The EU’s chief negotiator Michel Barnier said the UK and the EU have “just a few hours” to work out an agreement which knocked the currency against the euro and the dollar, falling from its two-year high yesterday.

This was a positive for the blue-chip index in the morning thanks to the inverse relationship between sterling denominated share prices and the dollar-based earnings of many of the index’s constituents. But it was short-lived as the FTSE 100 slumped back into negative territory, ending 0.33% lower to 6,529.18 points.

The CAC 40 (^FCHI) shed 0.39% in France, while Spain’s IBEX 35 (^IBEX) tumbled 1.42%.

After hitting a post-pandemic high on Thursday, the DAX (^GDAXI) closed 0.27% lower after spending most of the session in positive territory. Italy’s FTSE MIB (FTSEMIB.MI) shed a marginal 0.16%.

The slump came as retail sales data published on Friday in the UK showed spending declined for the first time in six months in November. The slump coincided with a month long lockdown across England.

Richard Hunter, head of markets at Interactive Investor, said: “The FTSE 100 has not been able to build on the momentum of a strong showing since the beginning of November and remains down by 13% in the year to date.

“The overarching concerns around Brexit and the pandemic continue to cast a shadow on sentiment, while the very nature of the index itself has also stunted progress, with an exposure to the likes of the oil and banking sectors in particular proving a headwind during the course of the year.”

On Wall Street stocks touched fresh record intraday highs on the open before slumping due to little progress on a federal spending deal in Washington. Lawmakers are still negotiating a fresh coronavirus relief package and legislation to fund the government for the fiscal year.

At the European close, the Dow Jones (^DJI) and S&P 500 (^GSPC) were both 0.6% down, while the tech heavy Nasdaq (^IXIC) was 0.25% lower.

Friday marked the quarterly event of quadruple witching, in which stock index futures and options, and single equity futures and options, all expire, which tends to stir up heightened trading volumes.

The S&P 500 is set to rebalance after market close, adding Tesla (TSLA) to the index as the largest-ever company (by market capitalisation) to join.

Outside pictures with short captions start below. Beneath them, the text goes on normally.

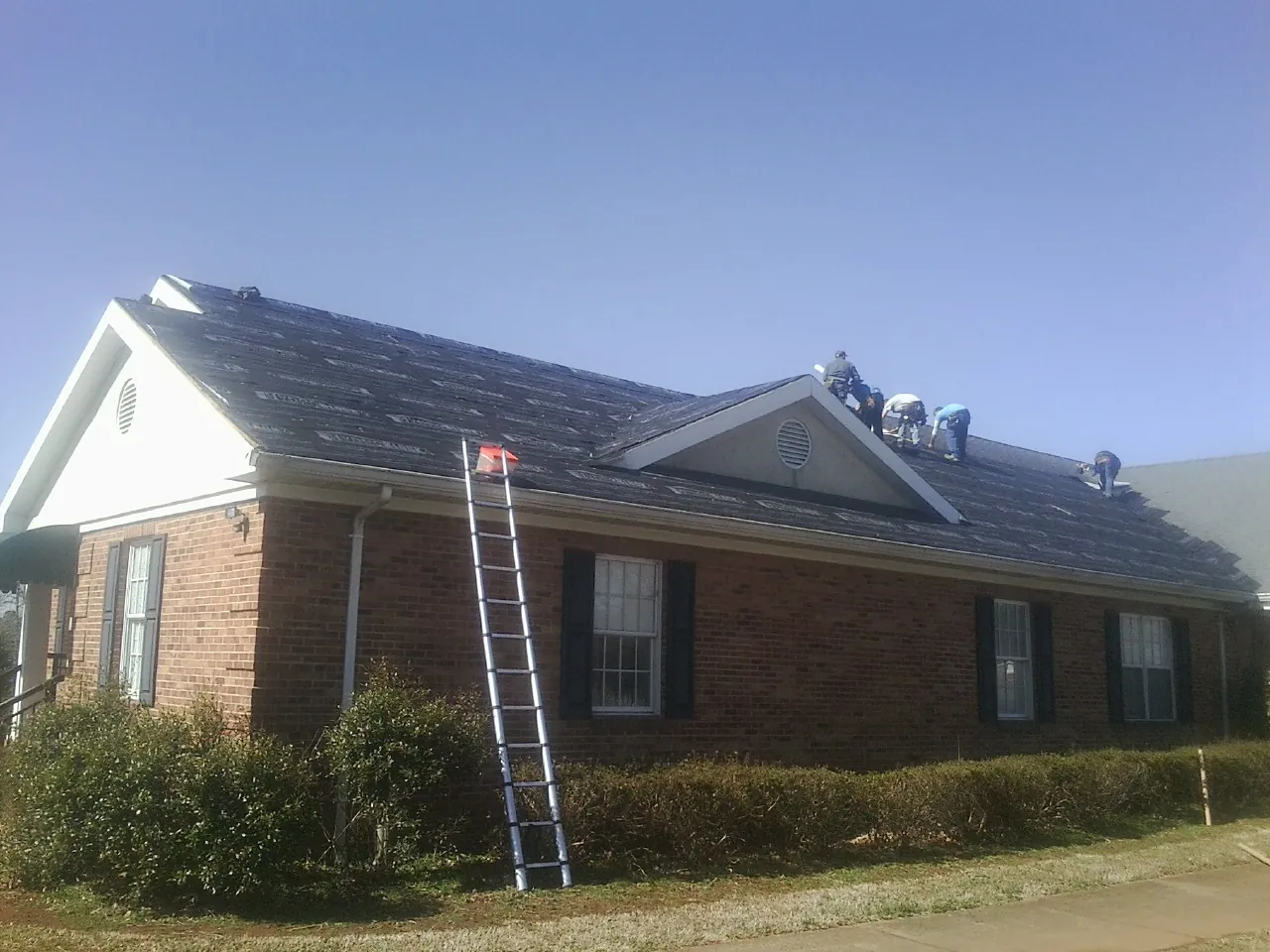 Crew tearing shingles off a brick ranch roof with a ladder set — Emergency Roof Repair work by our crew in Jim Thorpe
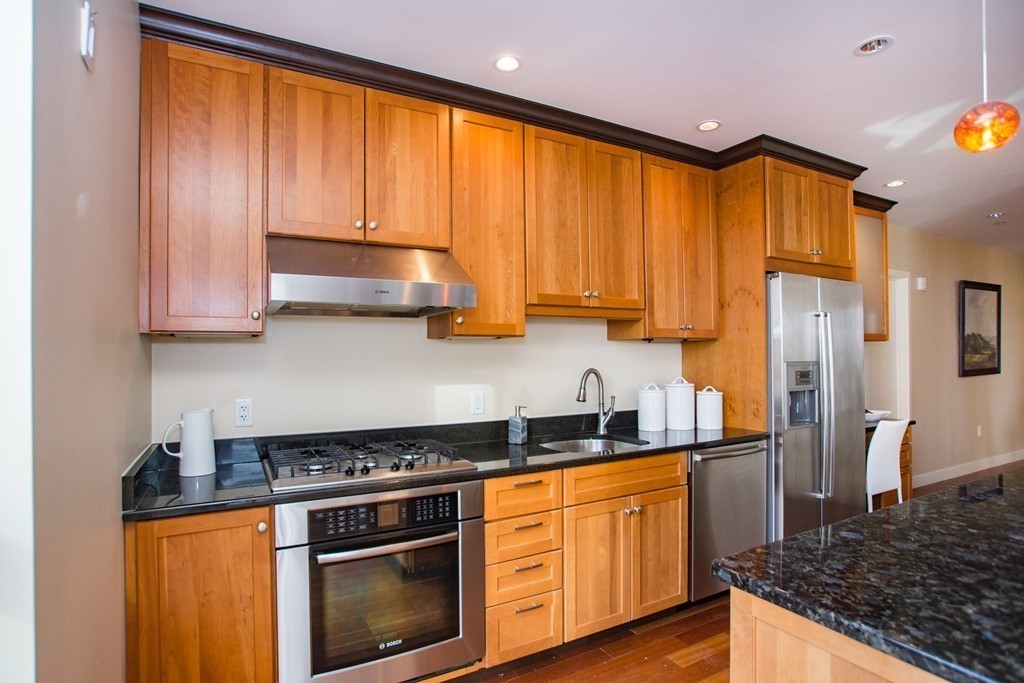 99-105 Broad Street, Unit 8C Boston, MA 02110 - Photo 18 of 28 a kitchen with stainless steel appliances granite countertop a stove a chimney a sink and cabinets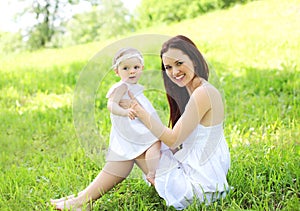 Happy smiling mother and baby sitting on the grass
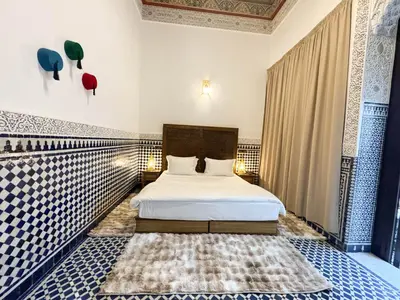 a bedroom with a bed with blue and white tiles at Riad Azul Fes & SPA in Fès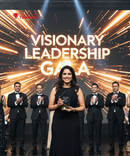 Woman holding an award on a stage with 'Visionary Leadership Gala' text and trophy logo.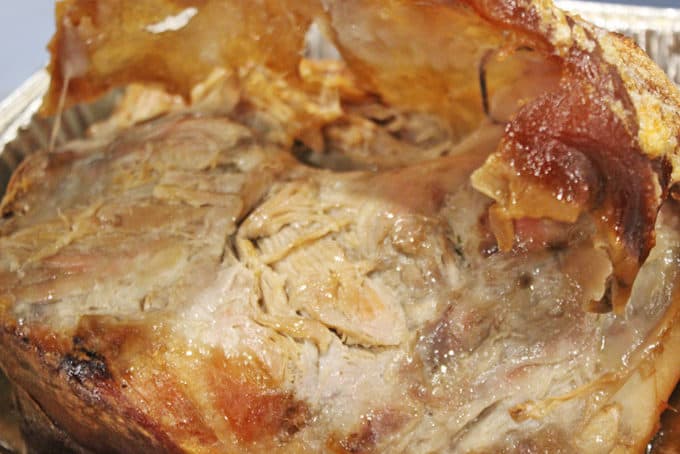 A foolproof EASY slow cooker and oven method for a shatteringly crisp Pork picnic shoulder that is pull apart tender on the inside with a thin crisp cracklin' skin layer.
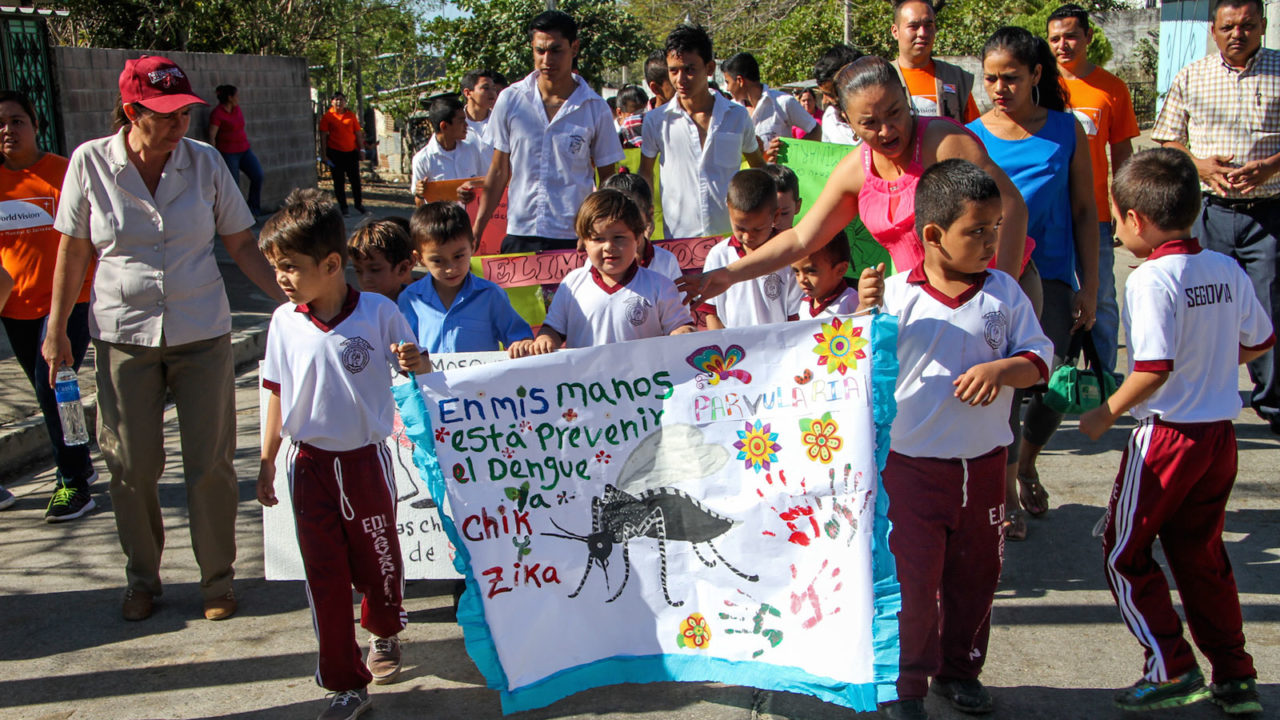 On a sunny day, kids hold a colorful sign with a large mosquito amid a crowd, promoting awareness to prevent the spread of Zika.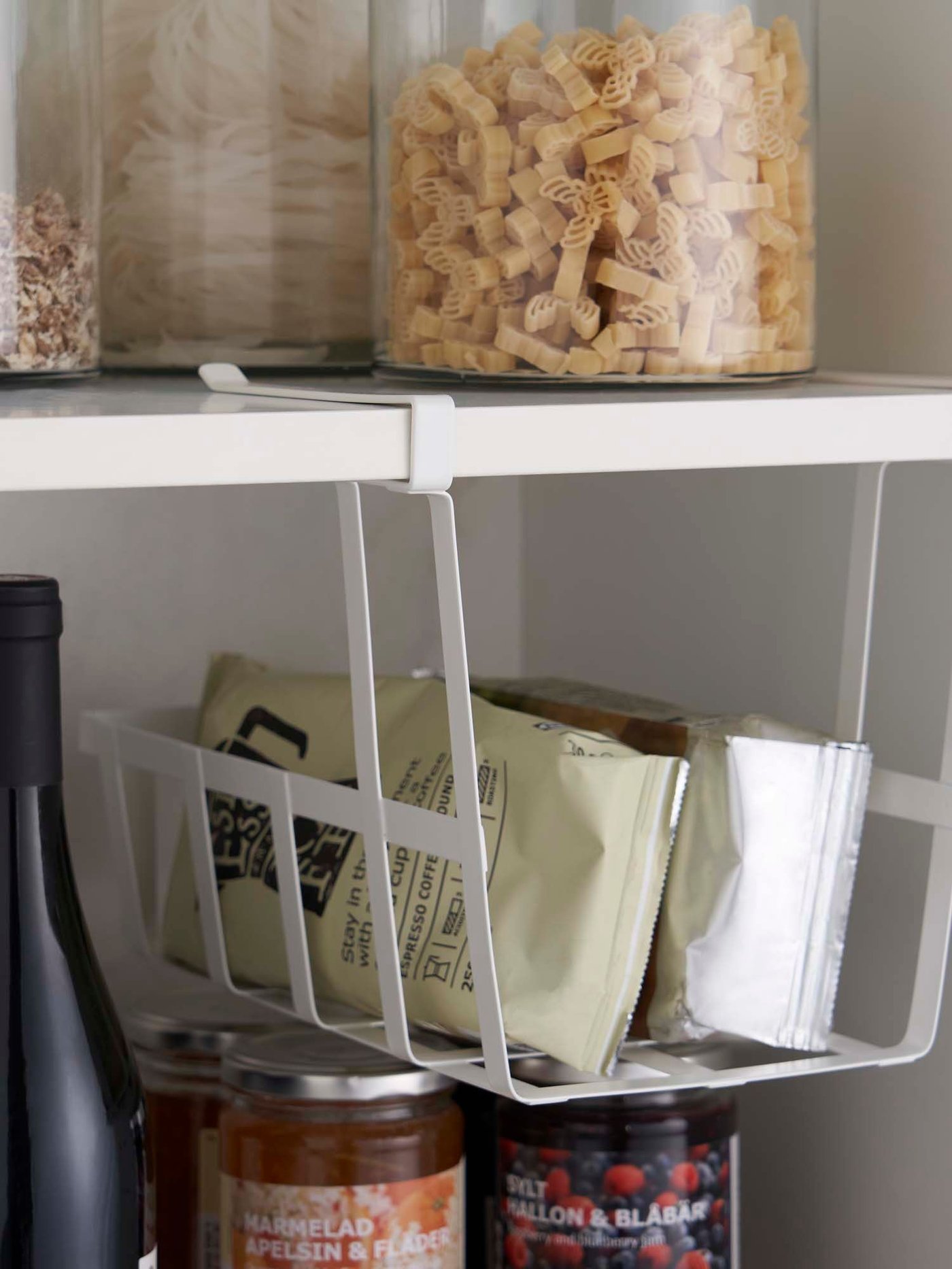 A shelf with a PÅLYCKE clip-on basket holding two bags of ground coffee.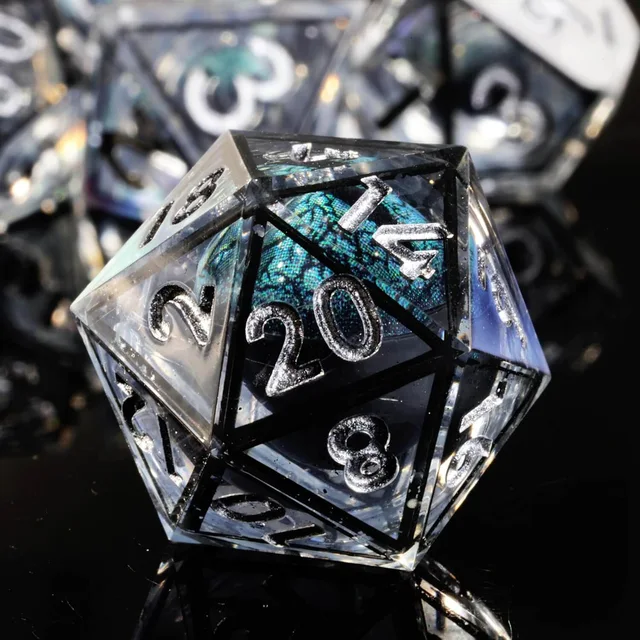 Smoky transparent D20 with a blue-green eye-like core, black face borders and silver numbers.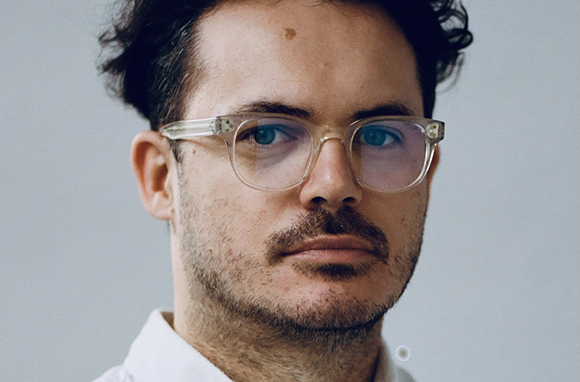 Close-up portrait of a man with dark hair and clear-framed glasses looking forward.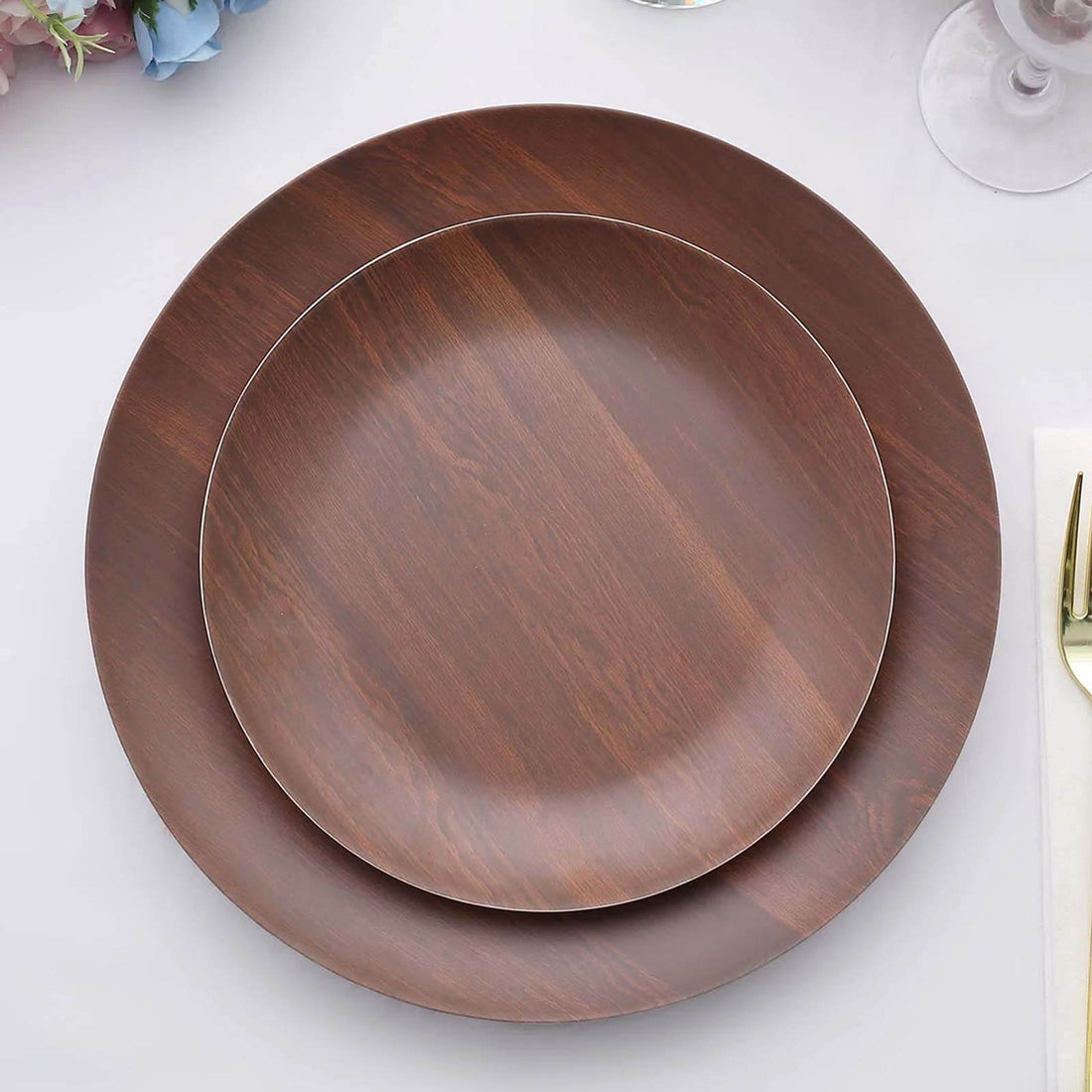 Brown wooden plates stacked on a table with elegant decor.
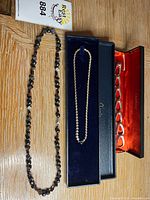 Three jewelry pieces: bead necklace, chain necklace in case, open-link bracelet in case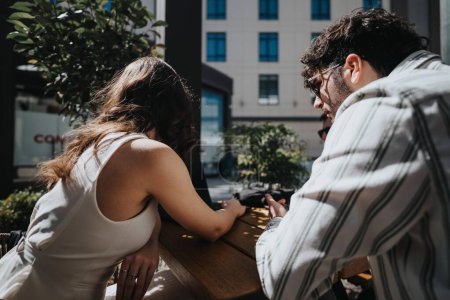 Professional man and woman having a discussion at an outdoor cafe in an urban setting.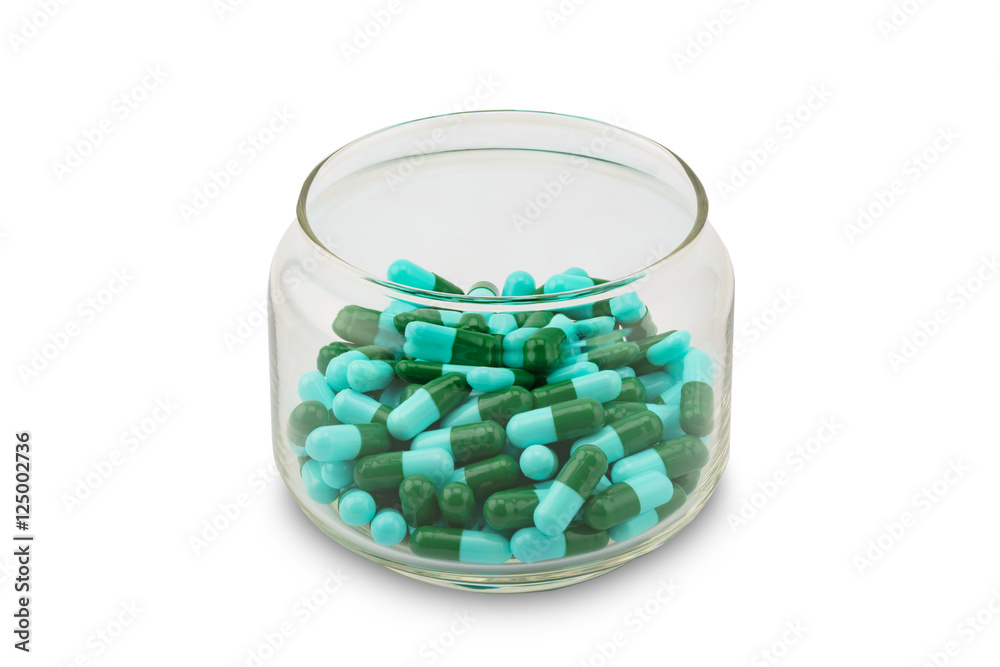 Blue and green capsule of antibiotic in a bottle Blue and green capsule of antibiotic in a bottle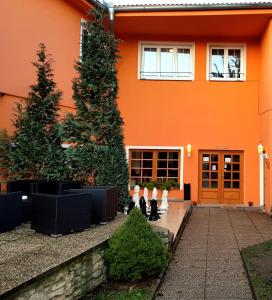 una casa naranja con un árbol delante de ella en Hotel Swami en Mělník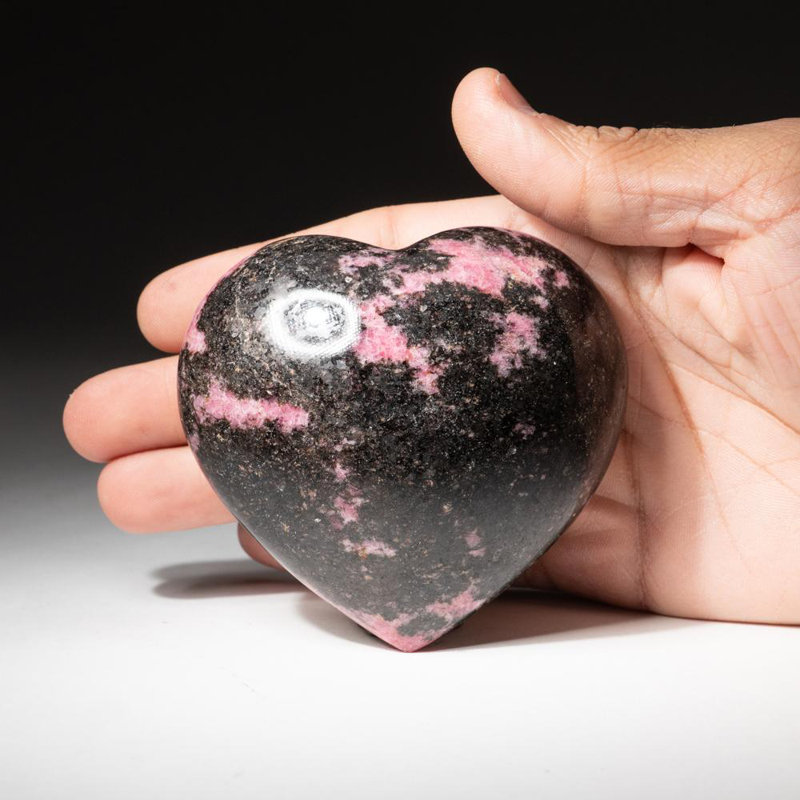 Polished Imperial Rhodonite Heart From Madagascar (400 Grams), 3" H x 1.25" W x 3.5" D, Black/Pink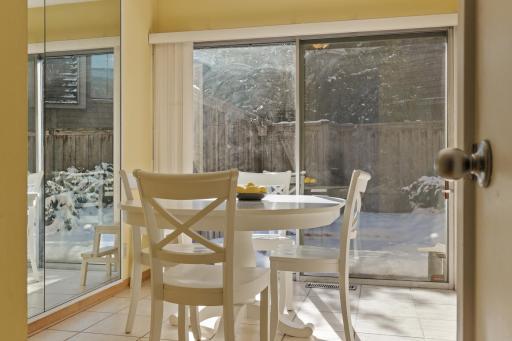 Notice how the dining area flows out onto the private patio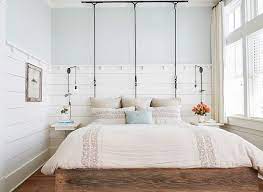 iron rod hanging bed with shiplap walls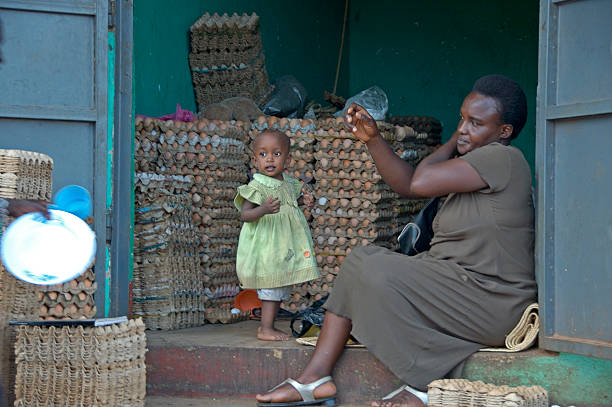Mother and child in there shop selling eggs. stock photo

READ MORE: Tesla heads to S&P 500 after stock market rally hits fresh high

Tesla’s inclusion to the bourse on 21 December is expected to trigger a spike in market volatility and a torrent of trading as index-trading funds snap up shares so their portfolios reflect the index.

Asian markets fell overnight. Japan’s Nikkei (^N225) lost 0.2% as the country’s central bank held its interest rate unchanged at -0.1% and launched a review of its monetary policy for the first time in four years.

In China, the Hong Kong Hang Seng (^HSI) dropped 1%, China’s Shanghai Composite (000001.SS) shed 0.3%, and the Shenzen Component (399001.SZ) slid 0.3%. It came as Reuters reported that the US was preparing to blocklist “dozens” of Chinese companies, including the country’s biggest chipmaker SMIC.

In Australia, the ASX 200 (^AXJO) dropped 1.2%.